Center for Health Informatics and Bioinformatics, New York University Langone Medical Center, New York, NY 10016, USA.
BMC Genomics. 2012;13 Suppl 8(Suppl 8):S22. doi: 10.1186/1471-2164-13-S8-S22. Epub 2012 Dec 17.
The discovery of molecular pathways is a challenging problem and its solution relies on the identification of causal molecular interactions in genomics data. Causal molecular interactions can be discovered using randomized experiments; however such experiments are often costly, infeasible, or unethical. Fortunately, algorithms that infer causal interactions from observational data have been in development for decades, predominantly in the quantitative sciences, and many of them have recently been applied to genomics data. While these algorithms can infer unoriented causal interactions between involved molecular variables (i.e., without specifying which one is the cause and which one is the effect), causally orienting all inferred molecular interactions was assumed to be an unsolvable problem until recently. In this work, we use transcription factor-target gene regulatory interactions in three different organisms to evaluate a new family of methods that, given observational data for just two causally related variables, can determine which one is the cause and which one is the effect.
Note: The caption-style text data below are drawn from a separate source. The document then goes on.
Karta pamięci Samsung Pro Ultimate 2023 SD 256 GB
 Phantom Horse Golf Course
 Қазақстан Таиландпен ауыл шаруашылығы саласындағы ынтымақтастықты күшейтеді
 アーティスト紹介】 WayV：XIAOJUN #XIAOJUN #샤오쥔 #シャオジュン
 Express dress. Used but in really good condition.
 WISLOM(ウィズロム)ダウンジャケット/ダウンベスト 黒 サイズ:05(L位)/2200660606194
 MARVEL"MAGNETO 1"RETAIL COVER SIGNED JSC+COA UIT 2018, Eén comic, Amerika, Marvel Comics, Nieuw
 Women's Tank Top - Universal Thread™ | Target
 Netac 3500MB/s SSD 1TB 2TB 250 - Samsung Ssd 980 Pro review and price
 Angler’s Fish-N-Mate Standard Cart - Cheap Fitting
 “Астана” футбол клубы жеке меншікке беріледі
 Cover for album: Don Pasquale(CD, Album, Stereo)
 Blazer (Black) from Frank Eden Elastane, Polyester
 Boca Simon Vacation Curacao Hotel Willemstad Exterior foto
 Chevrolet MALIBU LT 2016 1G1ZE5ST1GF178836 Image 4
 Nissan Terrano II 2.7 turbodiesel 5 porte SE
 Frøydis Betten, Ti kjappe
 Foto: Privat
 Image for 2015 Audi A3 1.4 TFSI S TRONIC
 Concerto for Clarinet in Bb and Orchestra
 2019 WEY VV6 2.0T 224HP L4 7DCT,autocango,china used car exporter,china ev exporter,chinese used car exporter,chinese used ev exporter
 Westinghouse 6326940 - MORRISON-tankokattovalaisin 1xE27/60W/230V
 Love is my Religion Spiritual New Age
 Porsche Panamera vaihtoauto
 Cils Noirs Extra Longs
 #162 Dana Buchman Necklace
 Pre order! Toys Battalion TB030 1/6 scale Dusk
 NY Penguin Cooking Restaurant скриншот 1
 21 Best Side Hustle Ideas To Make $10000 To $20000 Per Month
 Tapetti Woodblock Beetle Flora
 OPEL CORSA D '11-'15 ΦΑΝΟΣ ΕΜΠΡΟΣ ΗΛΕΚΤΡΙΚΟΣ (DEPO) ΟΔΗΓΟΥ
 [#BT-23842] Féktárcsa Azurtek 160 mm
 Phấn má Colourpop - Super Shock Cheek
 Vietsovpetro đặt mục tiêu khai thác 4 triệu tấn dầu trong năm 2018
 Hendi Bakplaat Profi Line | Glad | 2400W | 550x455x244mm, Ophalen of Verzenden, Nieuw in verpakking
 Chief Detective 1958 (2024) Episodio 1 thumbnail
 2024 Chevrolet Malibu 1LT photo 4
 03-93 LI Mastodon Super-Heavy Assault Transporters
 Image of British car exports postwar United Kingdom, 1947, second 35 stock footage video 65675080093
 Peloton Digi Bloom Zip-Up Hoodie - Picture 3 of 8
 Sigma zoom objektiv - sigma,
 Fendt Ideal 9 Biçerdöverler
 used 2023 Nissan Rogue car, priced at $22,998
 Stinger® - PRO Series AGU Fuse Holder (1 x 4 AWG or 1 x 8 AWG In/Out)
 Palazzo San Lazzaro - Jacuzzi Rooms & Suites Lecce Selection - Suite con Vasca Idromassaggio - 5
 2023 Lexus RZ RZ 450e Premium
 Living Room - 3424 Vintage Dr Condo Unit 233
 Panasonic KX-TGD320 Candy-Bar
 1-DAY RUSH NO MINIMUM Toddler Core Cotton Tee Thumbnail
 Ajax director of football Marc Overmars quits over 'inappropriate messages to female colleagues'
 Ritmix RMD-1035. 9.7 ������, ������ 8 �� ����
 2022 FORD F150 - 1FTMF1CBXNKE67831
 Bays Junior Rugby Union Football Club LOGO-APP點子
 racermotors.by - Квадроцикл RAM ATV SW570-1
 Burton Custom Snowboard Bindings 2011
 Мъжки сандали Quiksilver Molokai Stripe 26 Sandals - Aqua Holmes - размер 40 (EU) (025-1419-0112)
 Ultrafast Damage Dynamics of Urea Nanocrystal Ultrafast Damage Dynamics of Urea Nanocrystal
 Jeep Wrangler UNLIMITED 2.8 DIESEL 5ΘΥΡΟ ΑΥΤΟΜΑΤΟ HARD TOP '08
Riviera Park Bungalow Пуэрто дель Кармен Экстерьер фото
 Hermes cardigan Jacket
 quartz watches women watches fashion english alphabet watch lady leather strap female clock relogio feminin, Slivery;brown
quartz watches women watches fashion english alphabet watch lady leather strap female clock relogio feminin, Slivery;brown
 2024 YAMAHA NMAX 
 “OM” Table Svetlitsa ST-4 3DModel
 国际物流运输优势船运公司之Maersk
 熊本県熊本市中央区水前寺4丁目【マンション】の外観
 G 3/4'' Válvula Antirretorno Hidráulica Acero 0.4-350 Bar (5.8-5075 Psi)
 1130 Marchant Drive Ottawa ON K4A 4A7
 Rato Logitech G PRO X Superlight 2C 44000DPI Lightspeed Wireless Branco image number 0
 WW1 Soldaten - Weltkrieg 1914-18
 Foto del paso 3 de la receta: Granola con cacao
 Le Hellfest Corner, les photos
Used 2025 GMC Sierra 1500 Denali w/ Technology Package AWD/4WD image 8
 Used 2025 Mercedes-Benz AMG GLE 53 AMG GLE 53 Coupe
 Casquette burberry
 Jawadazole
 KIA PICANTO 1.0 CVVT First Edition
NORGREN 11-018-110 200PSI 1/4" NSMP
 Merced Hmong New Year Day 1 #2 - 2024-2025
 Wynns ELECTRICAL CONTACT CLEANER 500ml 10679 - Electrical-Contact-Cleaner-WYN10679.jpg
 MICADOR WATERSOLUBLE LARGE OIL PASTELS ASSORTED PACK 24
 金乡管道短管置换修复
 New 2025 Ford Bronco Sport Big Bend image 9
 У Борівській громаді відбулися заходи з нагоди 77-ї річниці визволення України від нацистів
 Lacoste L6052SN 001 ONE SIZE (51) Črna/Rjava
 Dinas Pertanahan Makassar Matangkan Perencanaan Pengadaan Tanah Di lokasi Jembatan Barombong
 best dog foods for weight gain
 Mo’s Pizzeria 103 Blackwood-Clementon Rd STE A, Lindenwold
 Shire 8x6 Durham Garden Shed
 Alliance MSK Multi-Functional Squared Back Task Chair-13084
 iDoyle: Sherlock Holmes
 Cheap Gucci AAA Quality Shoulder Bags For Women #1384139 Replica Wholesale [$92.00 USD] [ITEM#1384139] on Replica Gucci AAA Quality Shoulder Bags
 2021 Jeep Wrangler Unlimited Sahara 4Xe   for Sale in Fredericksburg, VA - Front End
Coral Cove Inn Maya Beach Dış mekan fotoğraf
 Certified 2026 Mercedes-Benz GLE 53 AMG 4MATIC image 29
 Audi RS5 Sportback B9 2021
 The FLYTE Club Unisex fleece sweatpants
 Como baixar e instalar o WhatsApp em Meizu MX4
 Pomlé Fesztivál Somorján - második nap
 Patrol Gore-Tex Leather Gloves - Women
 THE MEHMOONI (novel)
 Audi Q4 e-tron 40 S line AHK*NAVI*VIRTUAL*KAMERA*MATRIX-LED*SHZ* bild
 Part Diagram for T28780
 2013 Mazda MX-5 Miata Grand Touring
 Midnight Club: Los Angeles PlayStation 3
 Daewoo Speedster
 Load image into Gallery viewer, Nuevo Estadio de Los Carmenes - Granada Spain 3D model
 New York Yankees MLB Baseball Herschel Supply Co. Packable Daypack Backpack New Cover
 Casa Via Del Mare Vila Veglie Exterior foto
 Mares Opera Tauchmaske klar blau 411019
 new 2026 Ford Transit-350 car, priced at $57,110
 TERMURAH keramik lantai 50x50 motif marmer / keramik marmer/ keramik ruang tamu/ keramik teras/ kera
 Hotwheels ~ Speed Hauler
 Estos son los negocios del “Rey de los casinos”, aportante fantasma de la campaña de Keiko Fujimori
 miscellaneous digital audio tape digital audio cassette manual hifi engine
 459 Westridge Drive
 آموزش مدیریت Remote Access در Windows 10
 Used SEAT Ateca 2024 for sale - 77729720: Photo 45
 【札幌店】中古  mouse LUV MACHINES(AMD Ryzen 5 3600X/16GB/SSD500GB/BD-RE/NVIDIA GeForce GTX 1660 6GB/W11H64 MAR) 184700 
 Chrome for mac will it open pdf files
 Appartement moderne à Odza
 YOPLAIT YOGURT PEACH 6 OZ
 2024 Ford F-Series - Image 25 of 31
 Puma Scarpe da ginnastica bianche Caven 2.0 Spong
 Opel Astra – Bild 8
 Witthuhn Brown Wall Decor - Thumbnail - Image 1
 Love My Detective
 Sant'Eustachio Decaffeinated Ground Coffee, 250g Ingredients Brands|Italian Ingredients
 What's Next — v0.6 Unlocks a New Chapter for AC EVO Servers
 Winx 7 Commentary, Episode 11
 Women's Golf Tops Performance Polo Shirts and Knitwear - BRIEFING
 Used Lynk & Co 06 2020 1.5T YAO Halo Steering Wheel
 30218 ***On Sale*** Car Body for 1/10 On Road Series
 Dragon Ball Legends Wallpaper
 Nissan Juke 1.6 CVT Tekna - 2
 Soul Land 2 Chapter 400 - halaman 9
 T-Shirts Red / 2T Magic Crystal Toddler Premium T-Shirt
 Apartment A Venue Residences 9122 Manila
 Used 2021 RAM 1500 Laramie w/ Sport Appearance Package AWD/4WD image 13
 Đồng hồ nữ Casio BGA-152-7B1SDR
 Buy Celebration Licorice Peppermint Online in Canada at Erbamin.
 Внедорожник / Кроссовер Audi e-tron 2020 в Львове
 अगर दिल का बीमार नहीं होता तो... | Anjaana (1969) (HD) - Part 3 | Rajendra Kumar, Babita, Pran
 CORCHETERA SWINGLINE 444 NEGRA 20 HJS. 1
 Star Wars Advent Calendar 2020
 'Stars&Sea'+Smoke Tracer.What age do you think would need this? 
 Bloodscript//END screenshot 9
We have found that a particular family of causal orientation methods (IGCI Gaussian) is often able to accurately infer directionality of causal interactions, and that these methods usually outperform other causal orientation techniques. We also introduced a novel ensemble technique for causal orientation that combines decisions of individual causal orientation methods. The ensemble method was found to be more accurate than any best individual causal orientation method in the tested data.
This work represents a first step towards establishing context for practical use of causal orientation methods in the genomics domain. We have found that some causal orientation methodologies yield accurate predictions of causal orientation in genomics data, and we have improved on this capability with a novel ensemble method. Our results suggest that these methods have the potential to facilitate reconstruction of molecular pathways by minimizing the number of required randomized experiments to find causal directionality and by avoiding experiments that are infeasible and/or unethical.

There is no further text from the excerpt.